## YOUR TASK
A single stretch of the material below is to be transcribed exactly, starting at the line with "Casual Star Wars" and ending after the line with "Stretchy peyote stitch beaded bracelet".

## TASK INPUT
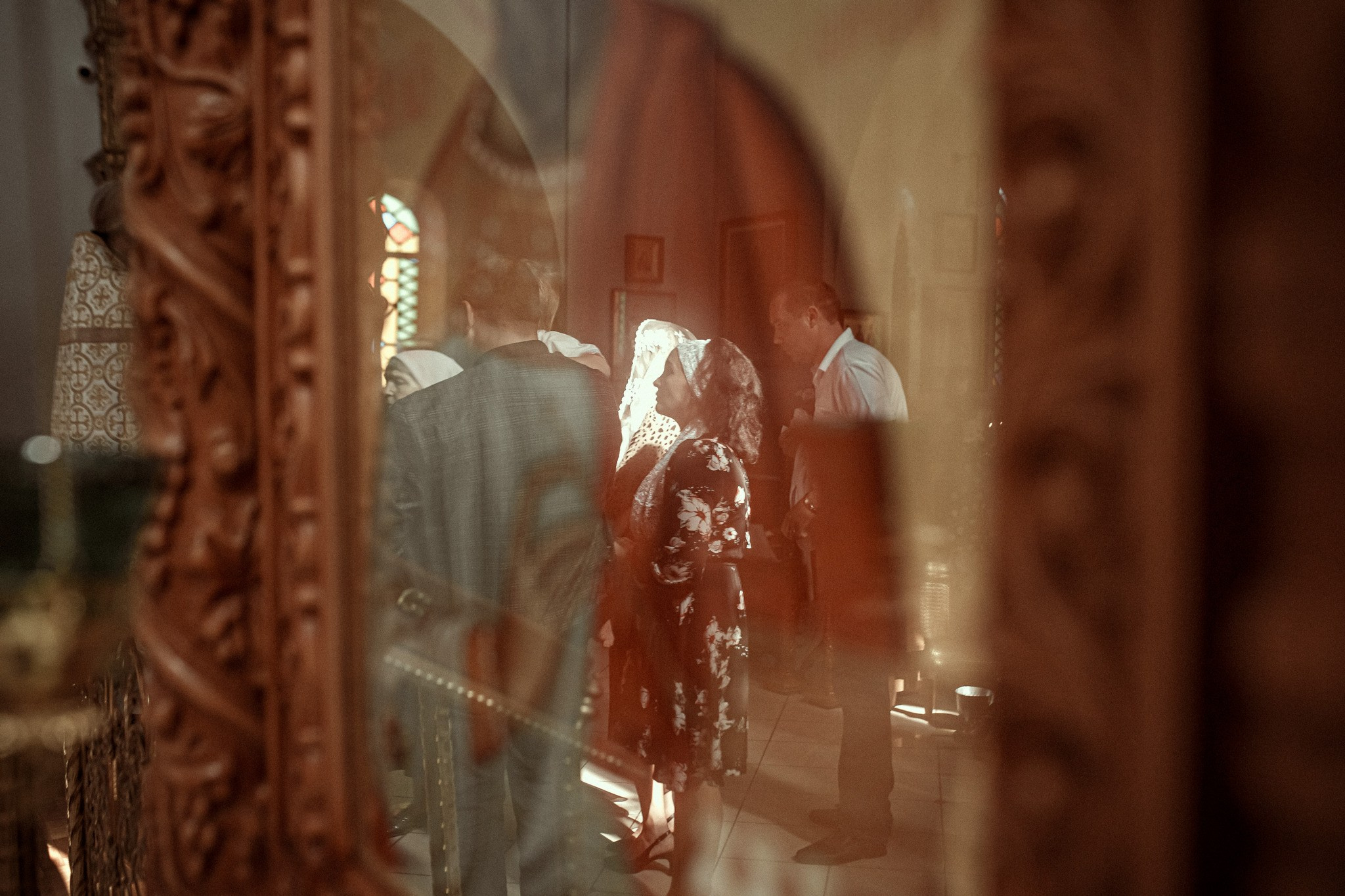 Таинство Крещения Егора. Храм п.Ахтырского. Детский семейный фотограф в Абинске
--
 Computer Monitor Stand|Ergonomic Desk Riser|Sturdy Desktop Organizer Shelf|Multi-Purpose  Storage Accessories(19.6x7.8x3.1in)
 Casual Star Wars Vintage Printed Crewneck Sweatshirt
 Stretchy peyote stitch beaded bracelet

## SOLUTION FOR THIS PROBLEM
 Casual Star Wars Vintage Printed Crewneck Sweatshirt
 Stretchy peyote stitch beaded bracelet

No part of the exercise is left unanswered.